Commodore Ballroom, Vancouver BC, July 7

Photo: Sharon Steele

BY Jason SchreursPublished Jul 8, 2018

9
Dream lineups come along every so often. For fans of heavy, emotional sounds, a Neurosis / Converge / Amenra triple bill was pretty much the highest pinnacle that could be conceived and achieved.
 
Amenra are a Belgian five-piece who have released several albums on their home turf and gained added acclaim for their last two albums, Mass V and Mass VI, which were released by Neurot Recordings. They hit the stage to attract a large gathering for an opening act and did not disappoint.
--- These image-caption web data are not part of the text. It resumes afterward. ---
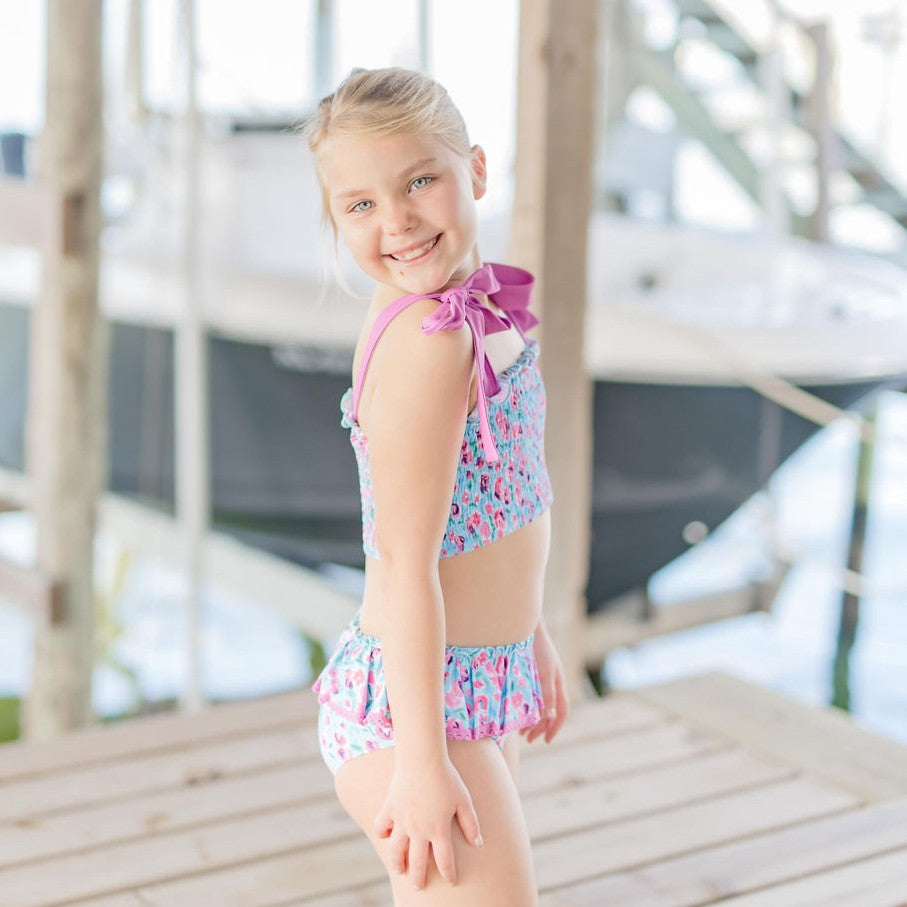 Waverly Shirred Swimsuit - Palm Cove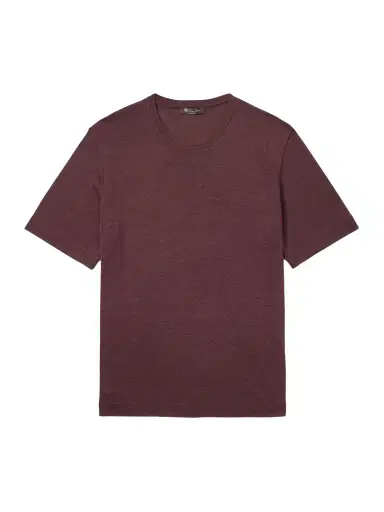 Loro Piana Mazzorbo Silk and Cotton-Blend Jersey T-Shirt - Men | Thumbnail 1 Loro Piana Mazzorbo Silk and Cotton-Blend Jersey T-Shirt - Men | Thumbnail 1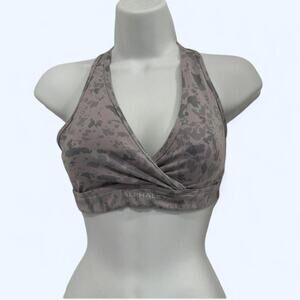 Alphalete grey camo sports bra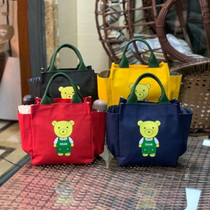 Children Lunch Box Bag Boy Canvas Waterproof Handbag Elementary School Students Special Lunch Box bag Children small number meal kits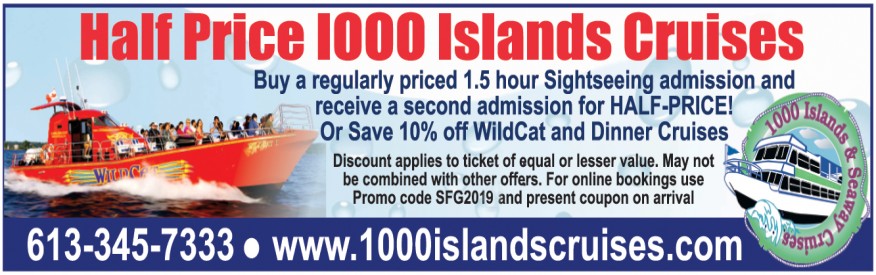 1000 island cruise discount code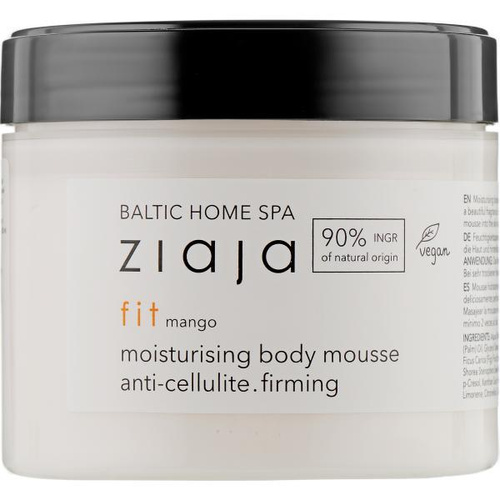 Ziaja Baltic Home Spa Fit Moisturizing Firming Body Mousse with Mango Scent Vegan 300ml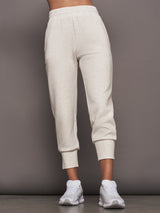 THE SLIM CUFF PANT 25" - IVORY MARL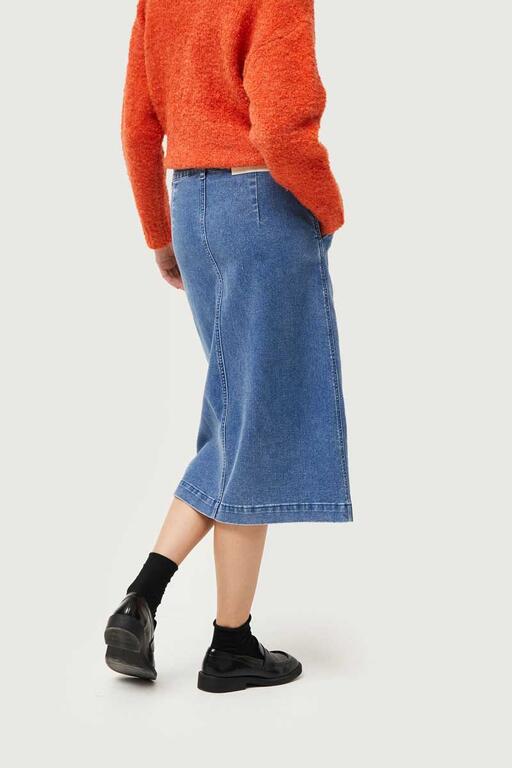Falda-Midi-Vaquera-Azul-Compañía Fantástica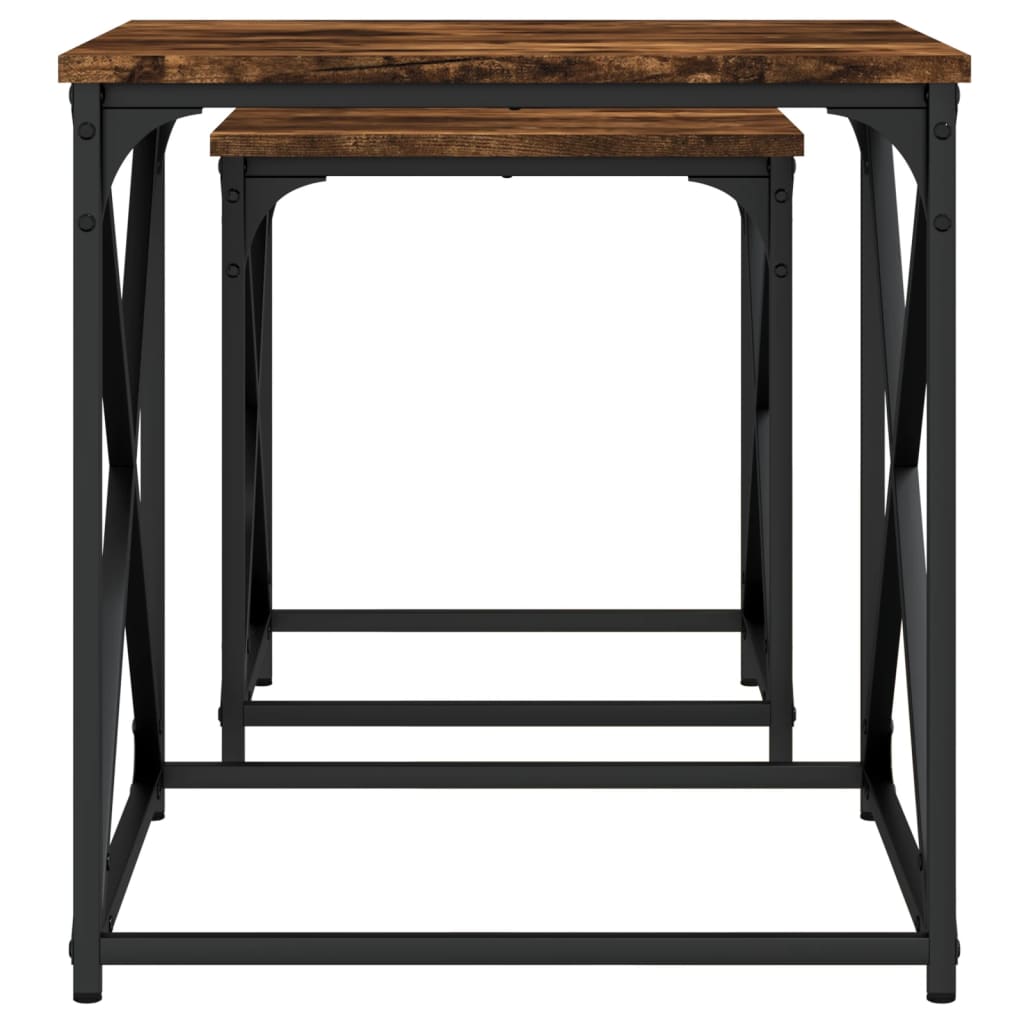 Nesting Coffee Tables 2 Pcs Engineered Wood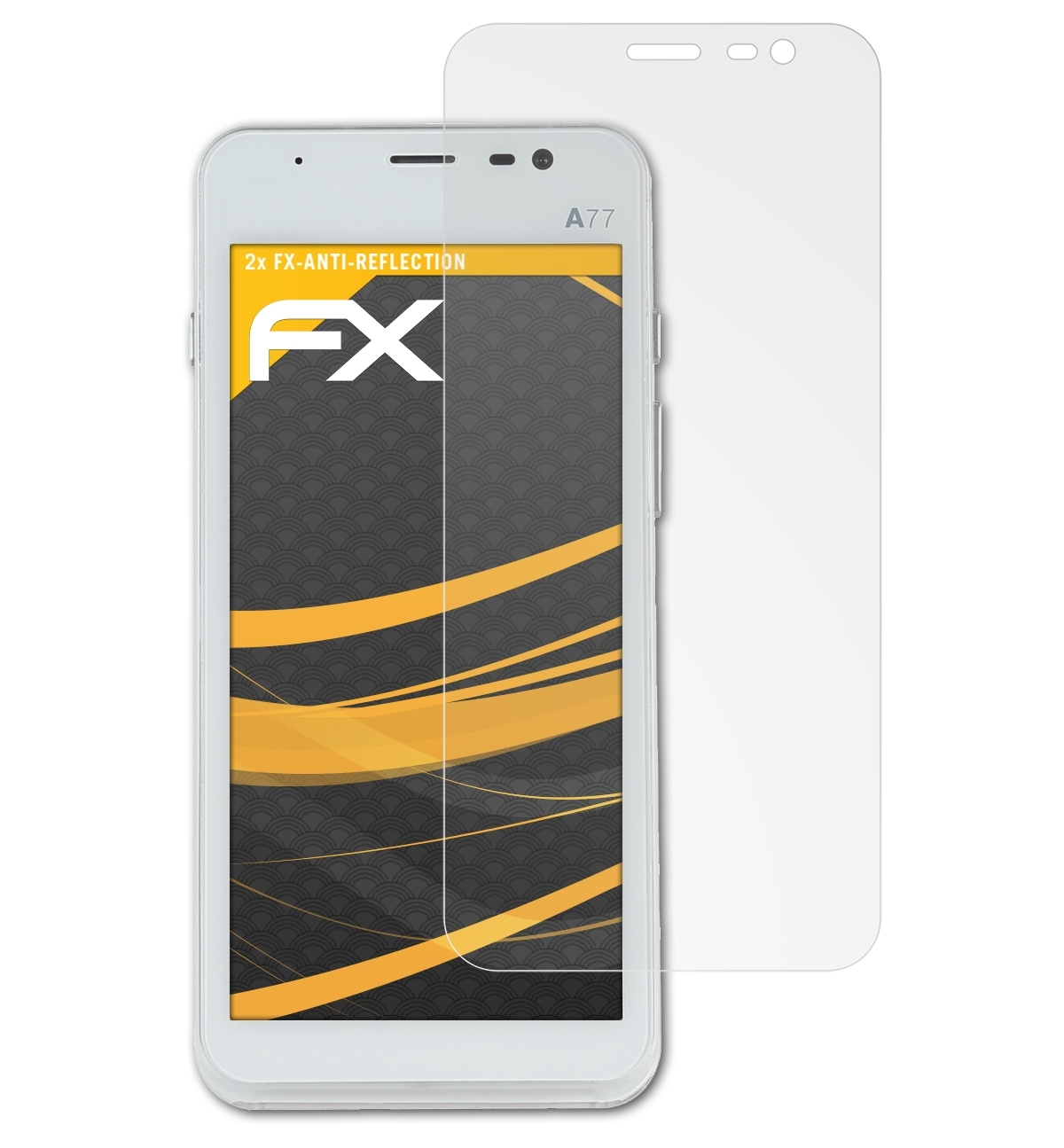 ATFOLIX Displayschutz(für FX-Antireflex 2x Pax A77)
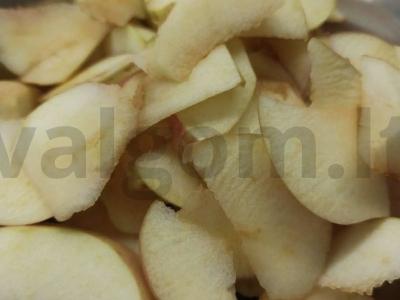 Obuolių pyragas su grietine ir ruduoju cukrumi Žingsnis 5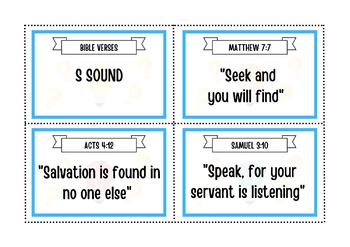 Preview of Bible Verses S Sound Initial Position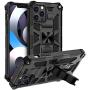 Saputu Compatible with iPhone 12 Pro Max Case, | Military Grade | Invisible Built-in Kickstand and Metal Plate, Anti-Scratch Shockproof Bumper Drop Tested Protective Cover (Black)
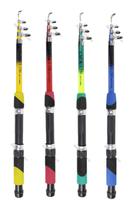 4 Varas Para Molinete Telescópica Com Passador C.W (1,70m) 12-20lbs - 4 Cores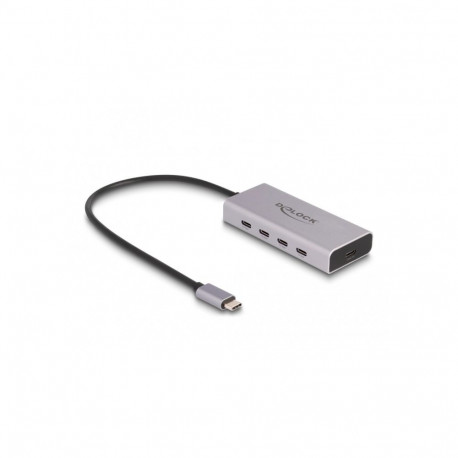 DeLOCK DeLock USB 10 Gbps USB Type-C Hub with 4 x USB Type-C + 1 x USB Type-C PD 85 Watt, USB hub (g
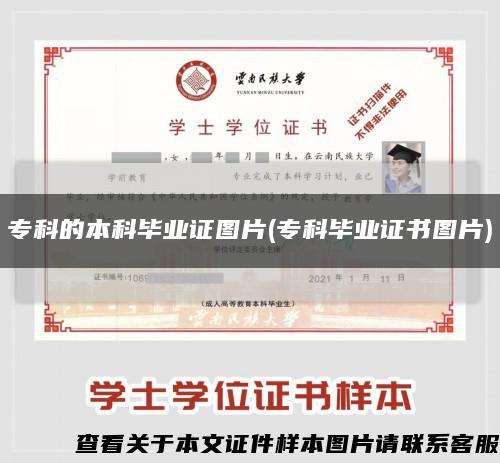 专科的本科毕业证图片(专科毕业证书图片)缩略图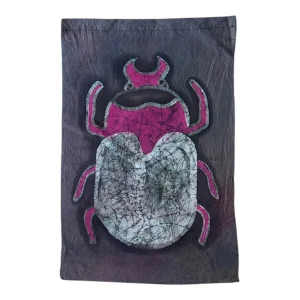 Scarab El Yapımı Batik Duvar Flaması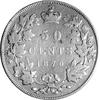 50 centów 1870, Aw: Głowa królowej Wiktorii, Rw: Nominał i data w wieńcu, rzadkie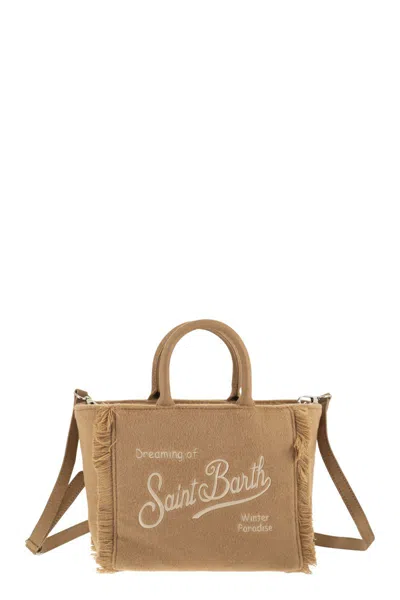 Mc2 Saint Barth Vanity Mini - Wool Blend Handbag In Nude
Working through a muffled sound, the group pounded their way onto Western Canadian soil with a hypnotic fury that was equal parts their headlining counterparts and the French metallic hardcore of Morsel; the sweet spot between ethereal soundscapes and tear-your-head-off chaos.
 
A fired-up Converge are a sight and sound to behold. Covering the majority of the material from their latest album, The Dusk in Us, the Boston quartet were on a mission to worm their way into every skull in the building. Drawing on the spastic forebears of emotional metallic hardcore (Rorschach, Bloodlet, Deadguy) and crusty metal (Nausea, Rudimentary Peni, Amebix), Converge have become that band who can only lead and never follow. Ending with "Concubine," from their landmark 2001 album Jane Doe, the band imploded into silence, then applause, all four of them heaving at the chest in exhaustion as they left the stage.
 
Oakland institution of heaviness Neurosis have never been the types to disappoint. As keyboardist/soundscapes technician Noah Landis did trancelike calisthenics and the other four members assumed their posts, the crush of those first riffs on "Given to the Rising," off 2007's album of the same name, hit hard between the solar plexus and down deep into the gut; a rumble that overpowered the whole room and rendered the near-capacity crowd silent.
 
The following 90 minutes were what a hardcore atheist could only describe as a "religious experience," eight- and nine-minute megaton jams taking listeners to places they never thought they would or could go. Tracks from the group's latest album, Fires Within Fires, sounded particularly imminent and ambient; raging anthems to rattle the heavens.
 
An epiphany took place at the end of the set's third song, "End of the Harvest" (on Neurosis time, this was about 30 minutes in). Its crushing heaviness was repeated in staccato formation and, then, pure silence as no pins were heard dropping. Neurosis's set could have ended there and everyone would have gone home happy. Instead, we got another hour of end times, a glimmering hope for a viable future still simmering beneath the surface.
 
The takeaway was this one of the best live shows in any genre in a long while. But was there ever any doubt?